● **Action item**
Exactly the lines starting at the line containing "ステンレスシンクは傷や汚れに強く、お手入れも簡単で使いやすいです♪" and ending at the line containing "#656 - CASA" are to be written out from the listing below, both included.

● **Information supplied**
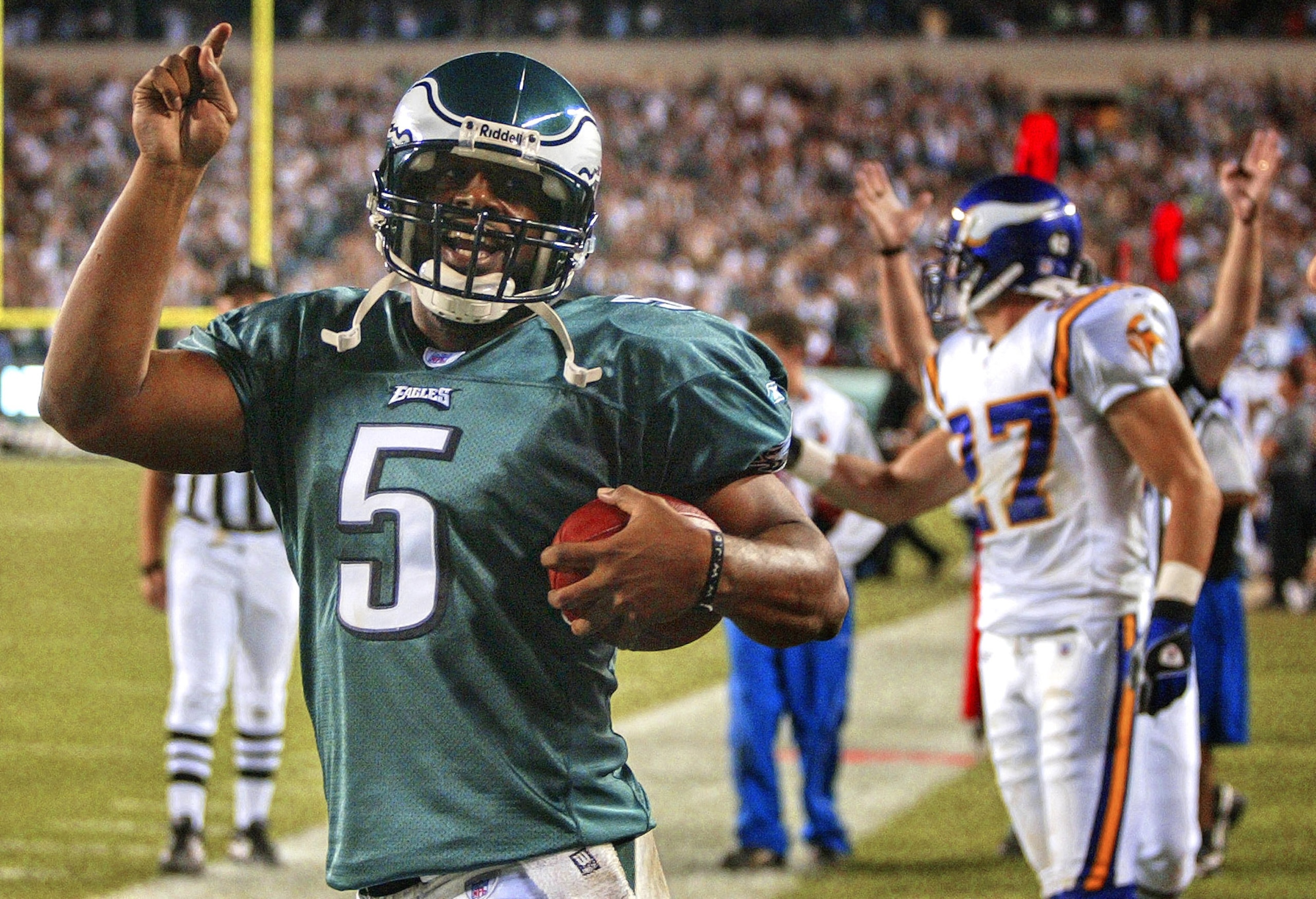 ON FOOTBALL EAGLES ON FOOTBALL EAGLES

---

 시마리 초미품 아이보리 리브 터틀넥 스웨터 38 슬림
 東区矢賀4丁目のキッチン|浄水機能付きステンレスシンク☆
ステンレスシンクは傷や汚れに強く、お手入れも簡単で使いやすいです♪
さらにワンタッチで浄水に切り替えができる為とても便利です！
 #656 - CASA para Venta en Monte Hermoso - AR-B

● **Written response**
ステンレスシンクは傷や汚れに強く、お手入れも簡単で使いやすいです♪
さらにワンタッチで浄水に切り替えができる為とても便利です！
 #656 - CASA para Venta en Monte Hermoso - AR-B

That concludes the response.